Driehaus comes from a family that has been likened to the Kennedys - large, deeply ingrained in the Democratic Party, serving in the public arena and headed by a family patriarch who wanted to see his children succeed in politics.

Driehaus came to the job having just finished four terms in the Ohio House of Representatives and his sister, Denise Driehaus, was elected to fill his vacant seat.

In his new job, Driehaus lived a dream that his father, Don, once chased in 1968 when he ran for the same congressional seat and lost. “My father felt very deeply that service through public office was a very honorable thing, that you could achieve real change for people through elected office.”

Driehaus joined RPCVs Mike Honda, Sam Farr, and Tom Petri in the House of Representatives in 2008 and became a member of the Democratic caucus.

However Driehaus’s vote for the Obama Healthcare legislation led to his defeat in the 2010 election after he was targeted by the Tea Party and an anti-abortion group who lied about Driehaus’s pro-life record and now Driehaus has filed a complaint that could serve as a test case for election laws nationwide when he accused a tea party group, the Susan B. Anthony List  of a lie that cost him his job in Congress.
475driehausabortion

The dispute began last year when the Susan B. Anthony List tried to post billboards in Mr. Driehaus‘ Cincinnati-area district accusing him of supporting “taxpayer funded” abortions when he voted for the Obama administration’s health care initiative and Driehaus filed a complaint with state election officials that the signs were illegal under Ohio’s “false statements” law. The billboard company, not wanting to be added to the complaint, refused to put up the signs.

The Susan B. Anthony List fired back by filing a lawsuit in U.S. District Court arguing that the state election law governing false claims is unconstitutional because it violates the group’s right to free speech.

Driehaus responded by filing a counterclaim for defamation, saying the group’s attacks during his 2010 campaign resulted in “loss of livelihood.”

The Susan B. Anthony List says it spent about $200,000 on radio spots, mailers, telephone calls and other methods to oppose the Driehaus campaign. The group also shelled out a total of $11 million nationwide during the 2010 midterm election campaign season to oppose candidates whom it considered sympathetic to abortion, even though some of those candidates — including Mr. Driehaus — identified themselves as “pro-life.”

Mr. Driehaus‘ defense says he is “well known for opposing abortion” and worked to ensure that health care law didn’t provide for taxpayer-funded abortions. “Rather than credit Mr.
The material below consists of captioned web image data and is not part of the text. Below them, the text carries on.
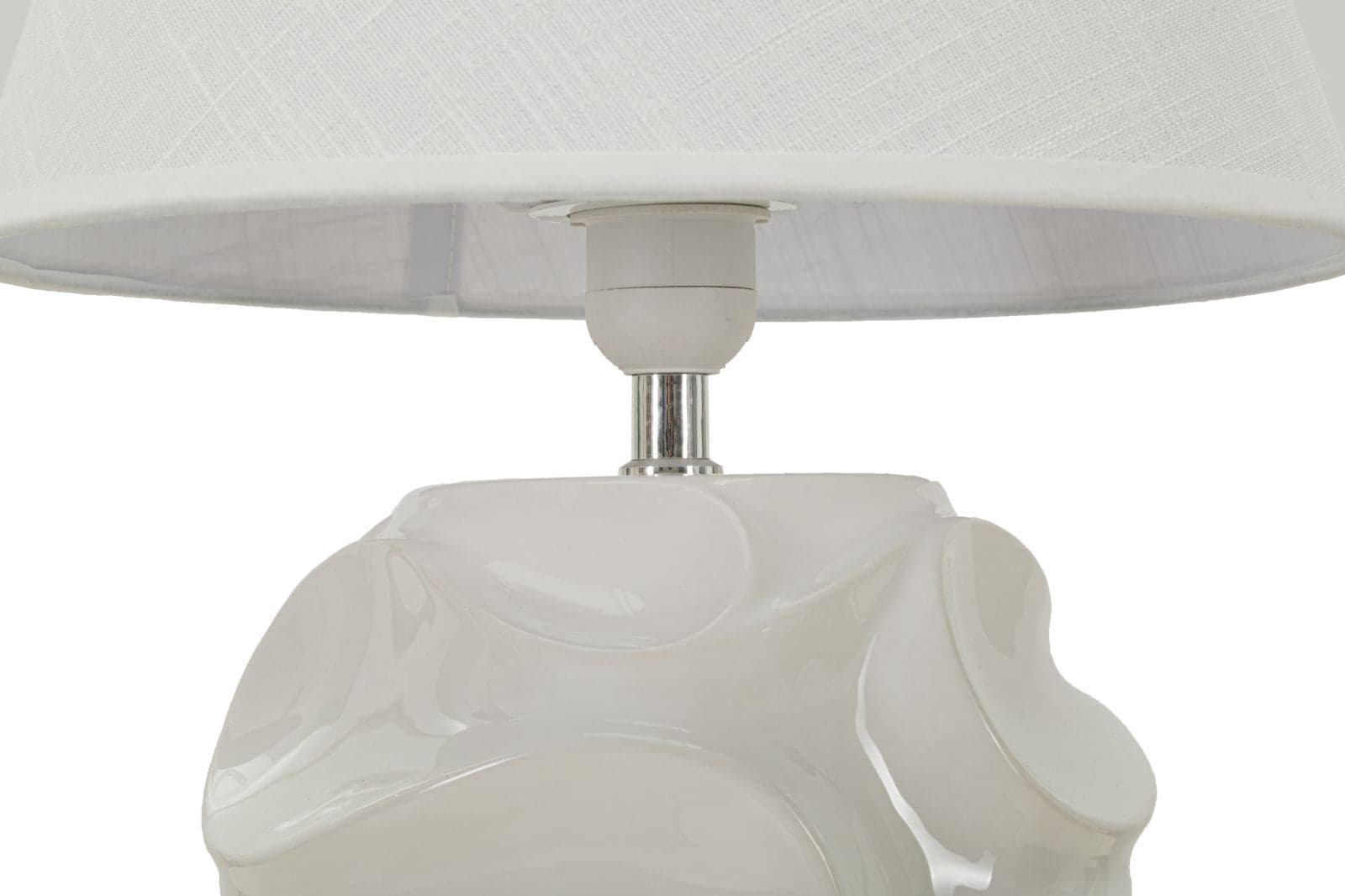 Lampada Da Tavolo Warsaw Cm Ø 30X42 in Lampade da tavolo e abat-jour Led Mall Home - Napoli, commercioVirtuoso.it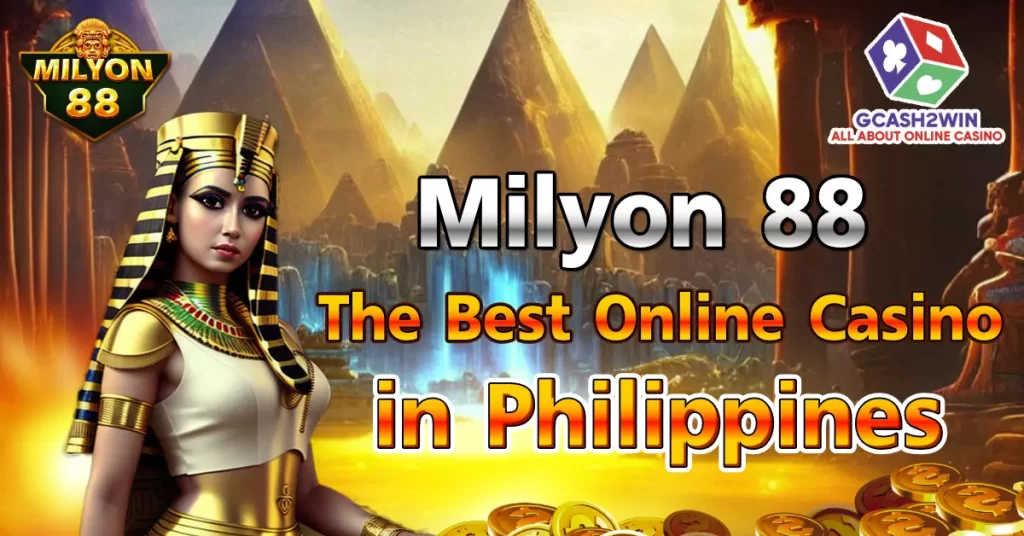 Milyon88 APK
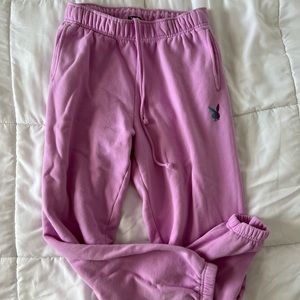 PLAYBOY PACSUN | sweatpants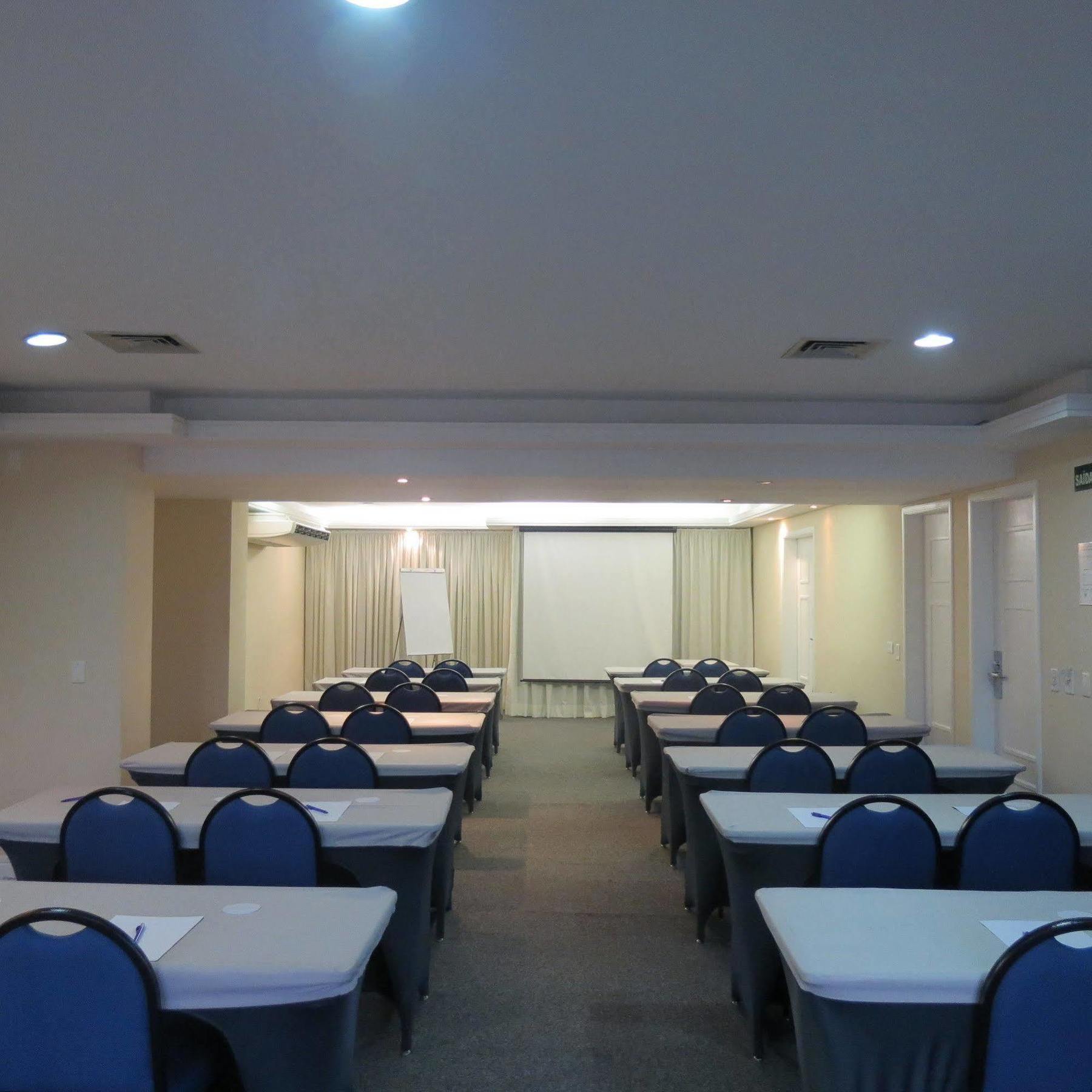 Marsala Apart Hotel Mogi das Cruzes Εξωτερικό φωτογραφία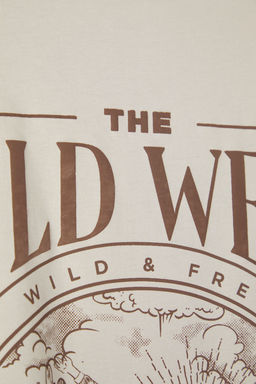 TRENDYOL MAN Buyuk Beden Siyah Oversize/Genis Kesim %100 Pamuklu T-Shirt TMNSS25BF00008 - Trendyolmilla фото 9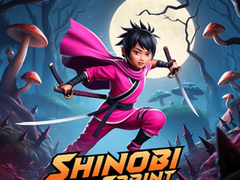 Oyun Shinobi Sprint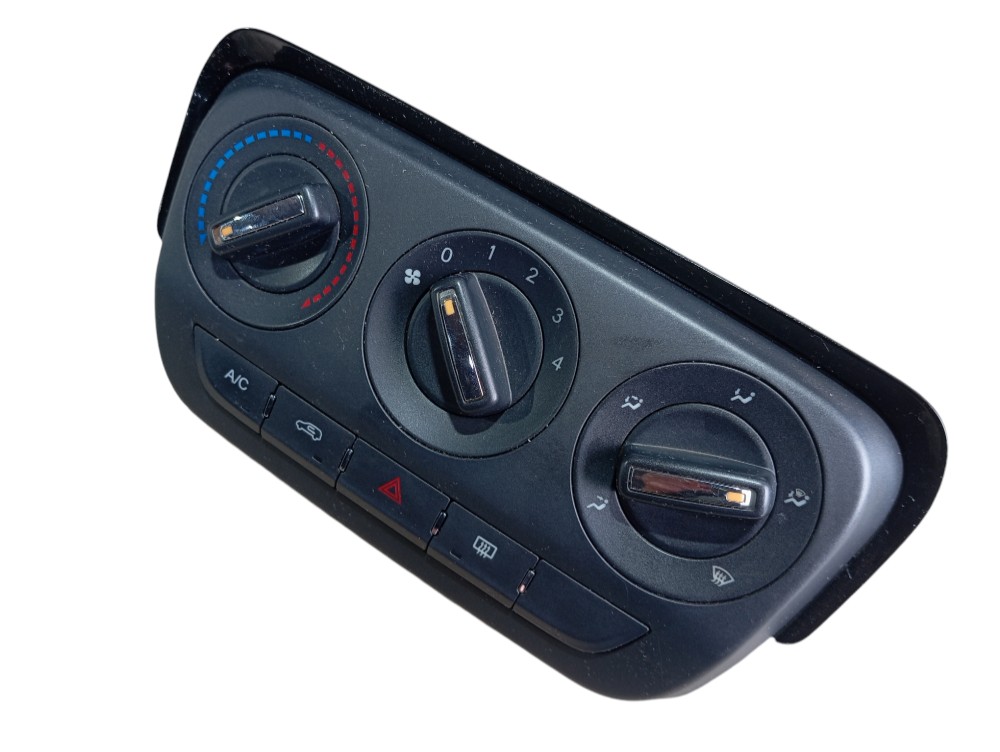 Comando Ar Condicionado Chery Tiggo 2 2020 V613 5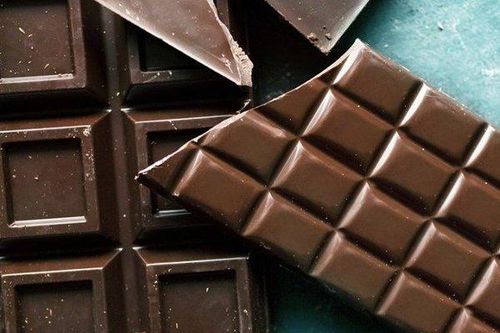 Muốn tránh bệnh, hãy ăn… socola đen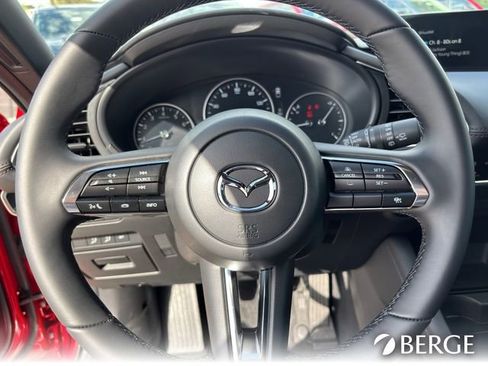 New 2026 MAZDA MAZDA3 2.5 S Hatchback w/ Premium Pkg image 24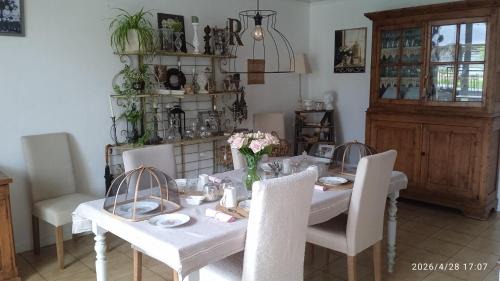 Blye Bed & Breakfast | Le Ronsard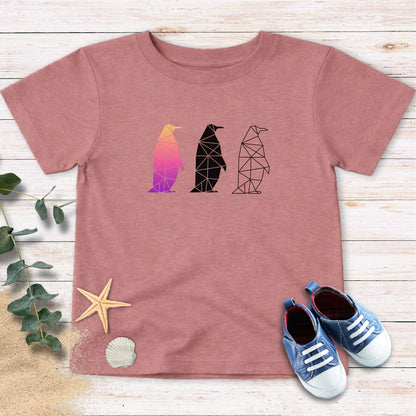 Penguin buddies Toddler Tee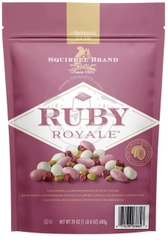 ARTISAN NUTS - RUBY ROYALE (Hạt MIX 680g)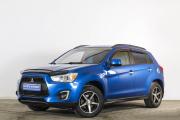 Mitsubishi ASX I Рестайлинг Тюмень  - изображение 22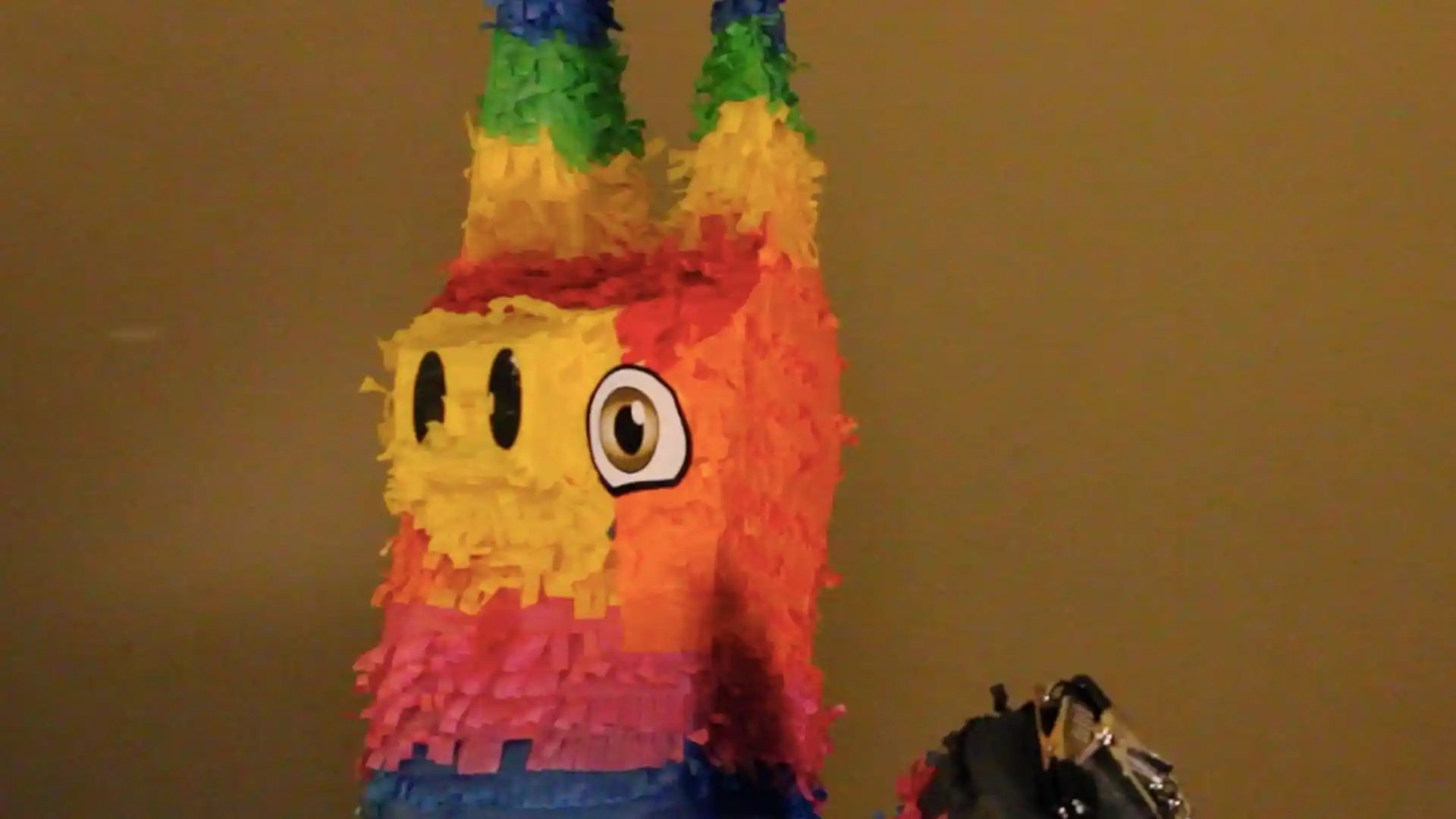 Killer Pinata, wallpaper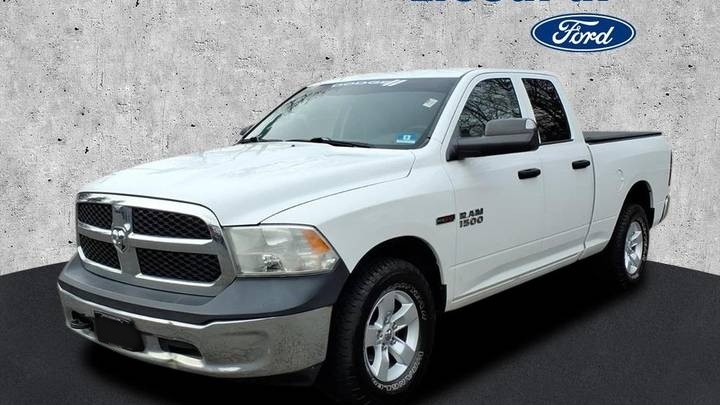 Ram 1500
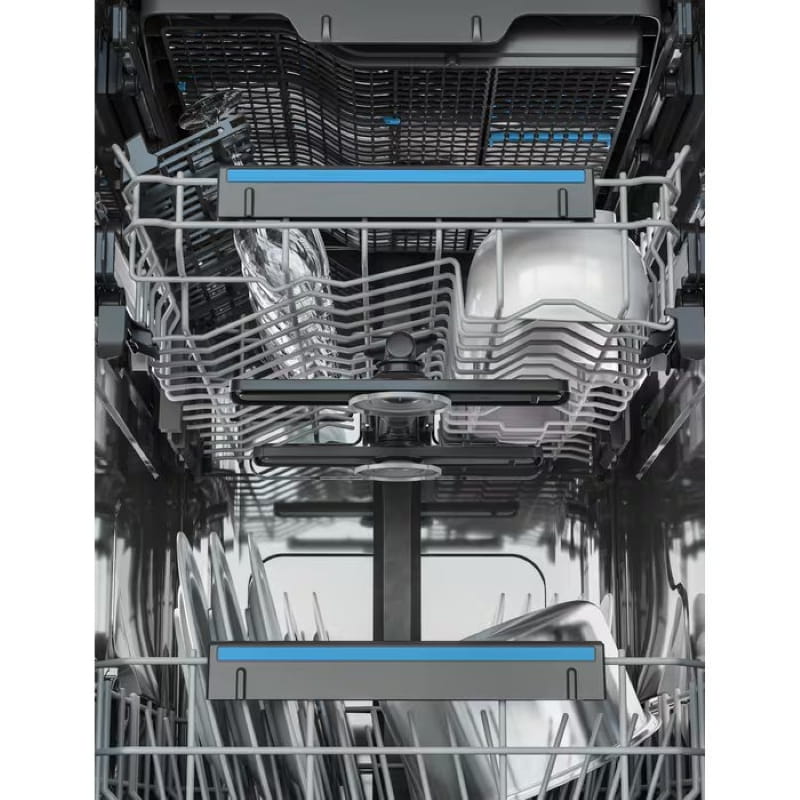 Встраиваемая посудомоечная машина Electrolux KEMB3301L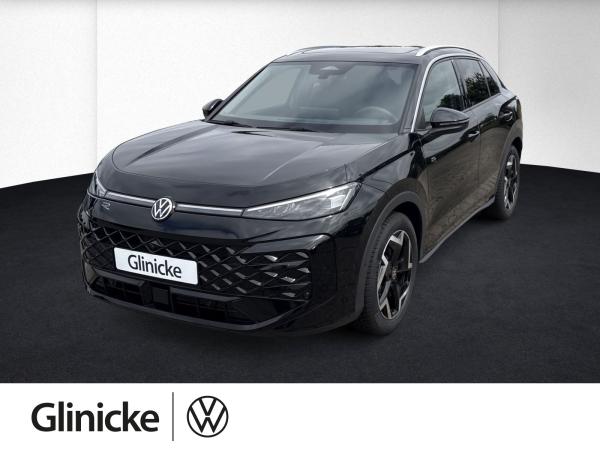 Volkswagen T-Roc R-Line 1.5 l eTSI OPF DSG *sofort verfügbar*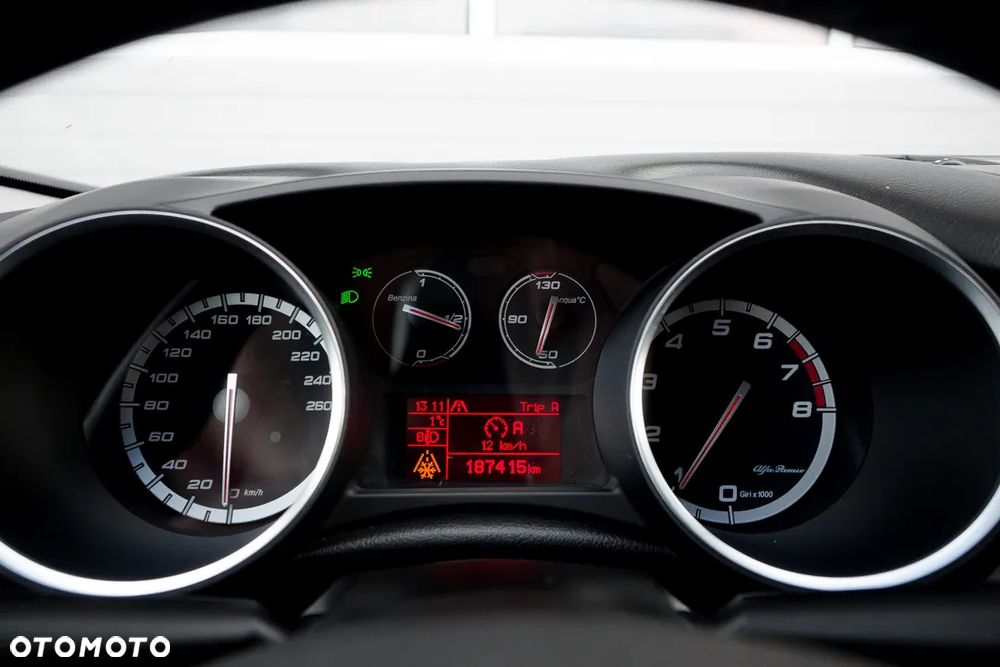 Alfa Romeo Giulietta 1.4 TB - 19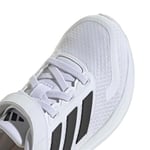 adidas RUNFALCON 5 EL C Spor AyakkabıUnisex Yetişkin
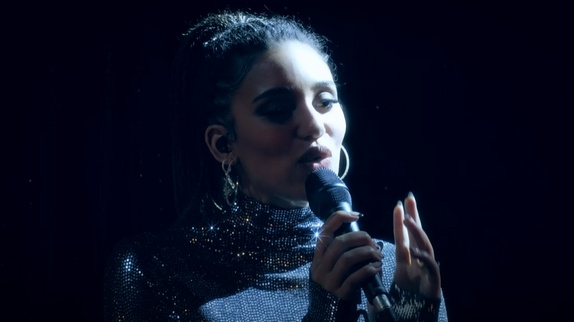 Kimberose de retour : un inédit avant un album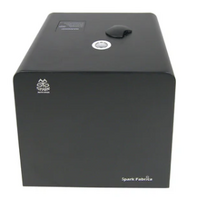 Spark Fabrica  SFM5 - M5 battery cold spark machine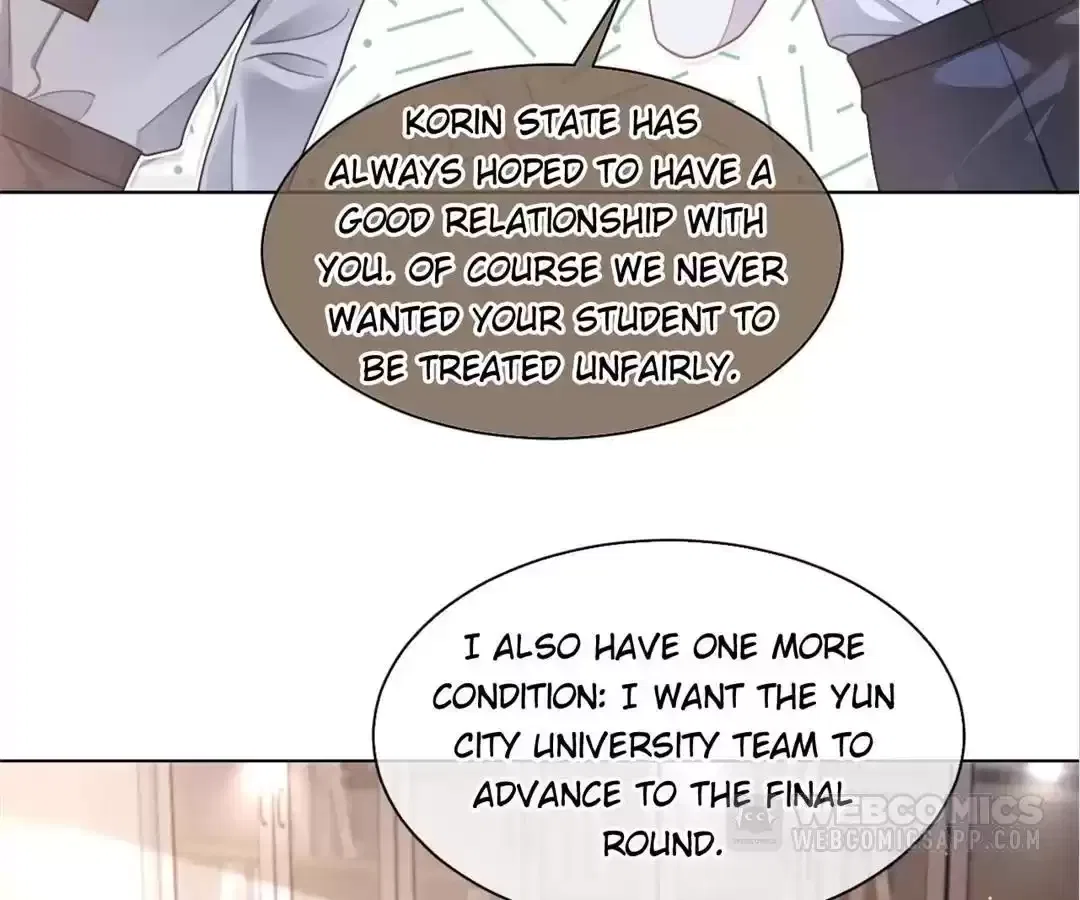 My Brothers Dote On Me Chapter 291 – Page 3
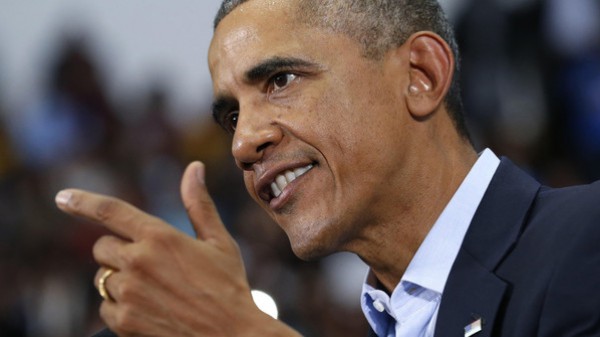 نيويورك تايمز: أوباما قد يقيل كيري وهاغل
Driehaus for this accomplishment, the SBA List has falsely characterized him as voting for a bill that includes taxpayer funding for abortions, when the SBA List knows the exact opposite to be true,” the lawsuit says.

475driehauscongress

Photo Credit: Gannett/Stephen J Boitano
In the meantime, while the case drags on through the courts, Driehaus will leave the U.S. in June to become the Peace Corps’ Country Director in Swaziland directing a group of about 75 Peace Corps volunteers in Swaziland, all of them doing AIDS and HIV prevention education in the country with the worst HIV problem in the world.

“This is something I felt I needed to do,’’ said Driehaus, 44, who was a Peace Corps volunteer in West Africa in the late 1980s. “This is a job where I can make a difference.”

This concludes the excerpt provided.